I've been meaning to install linkwarden to replace using Firefox bookmarks, I haven't tried it yet but looks great

[–] [email protected] 4 points 5 days ago (1 children)

http://wallabag.it/ can publish your read-it-laters to RSS

[–] [email protected] 1 points 5 days ago (1 children)

But OP wants it the other way around

[–] [email protected] 3 points 5 days ago (1 children)

It sounds like what they ultimately want is one place to look at both read-it-later stuff and starred RSS articles. My read is that they are proposing one way to do it, but ultimately it's not super workable that way. There are no clients I know of that are both RSS clients and read-it-later clients (using pocket, wallabag, or anything else).

If OP wants one place to see both, their best bet is to find a read-it-later server that can generate RSS feeds, subscribe to those, and now everything is RSS and behaves the same. Wallabag is a great option for that and is self-hostable.

This is exactly what I do and it works great.

[–] [email protected] 2 points 5 days ago

Thanks for the idea, I'll give this a shot too.

[–] [email protected] 3 points 5 days ago (2 children)

I don't know about freshrss - I've used it a few years ago - but miniflux (another self hosted RSS reader) has integrations with a lot of tools, some of which are bookmark managers. I've set up mine with Linkding and it woks just as you described.

[–] [email protected] 1 points 5 days ago

Thank you, I'll give it a shot

[–] [email protected] 1 points 5 days ago (1 children)

Gonna check this out, thanks for exposing me to new tech

[–] [email protected] 2 points 5 days ago

FreshRSS has some too: https://freshrss.github.io/FreshRSS/en/users/08_sharing_services.html

Wallabag is nice - it's making an archive of the page you're saving and I think you can export it as pdf/epub to read it on any device.

[–] [email protected] 1 points 5 days ago (1 children)

https://linkding.link/ is what you're looking for.

Use the bookmarklet or FF/Chrome extension on a page and it saves it to your server to look at later. Add tags, folders, whatever. You can setup newly added links to be un-archived, and old links to be archived, or basically however you want.

[–] [email protected] 1 points 5 days ago (2 children)

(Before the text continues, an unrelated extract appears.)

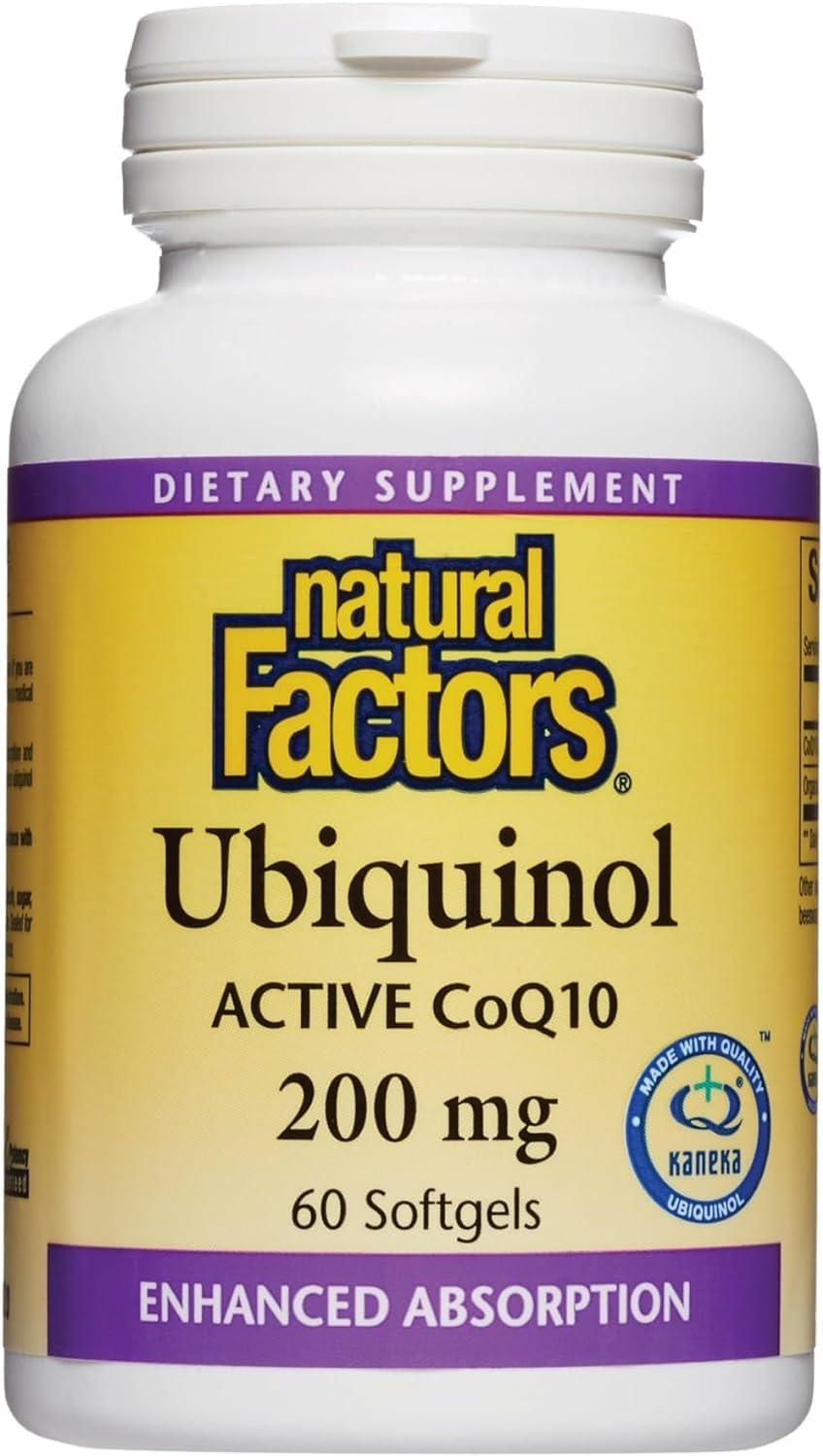 Natural Factors Ubiquinol 200mg bottle highlights premium antioxidant support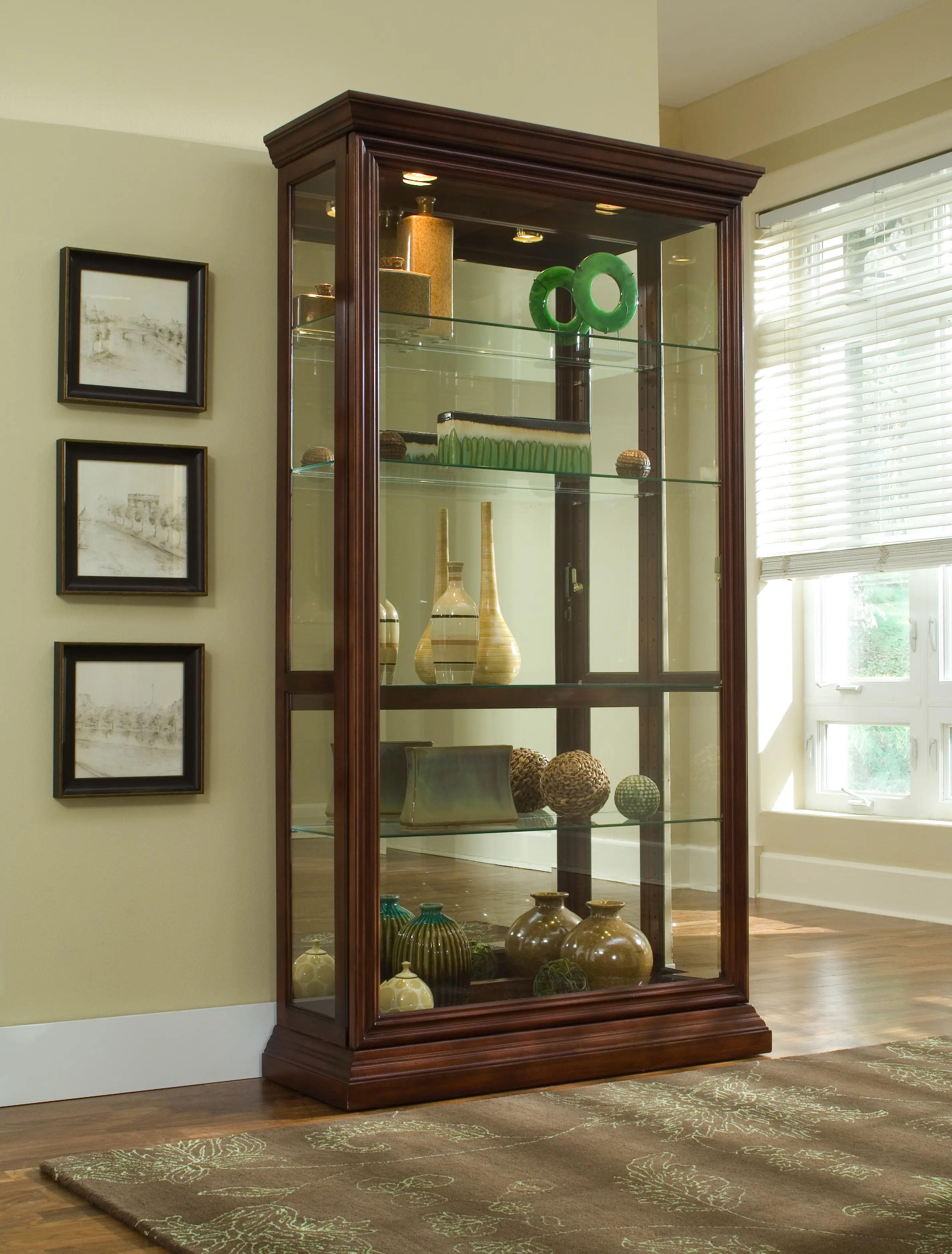Eden Cherry Brown Curio Cabinet-2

Does this create the snapshot from the pages in the browser or on the server? If I want to save a page I can only see logged in, does that work?

[–] [email protected] 1 points 4 days ago (1 children)

It does neither. It doesn't create snapshots of pages at all... It's a bookmark manager.

[–] [email protected] 1 points 4 days ago (1 children)

Why then does it have this listed under features?

[–] [email protected] 1 points 4 days ago

Because it has integrations for The Internet Archive: https://x0.at/Wny_.png

It says "local html" but I have a feeling it simply grabs a copy from the internet archive. I can't even find where its storing these copies with it enabled.

[–] [email protected] 2 points 5 days ago* (last edited 5 days ago)

This is what I use Readeck for. Snapshots of news articles, with the bonus feature of public links to share with friends.

[–] [email protected] 1 points 5 days ago

Your browser should have bookmarks, watchlist. Alternatively if you don't want to stray far from rss try "rsstodolist".

[–] [email protected] 1 points 5 days ago

You could probably use Hoarder and tag the links with "read later".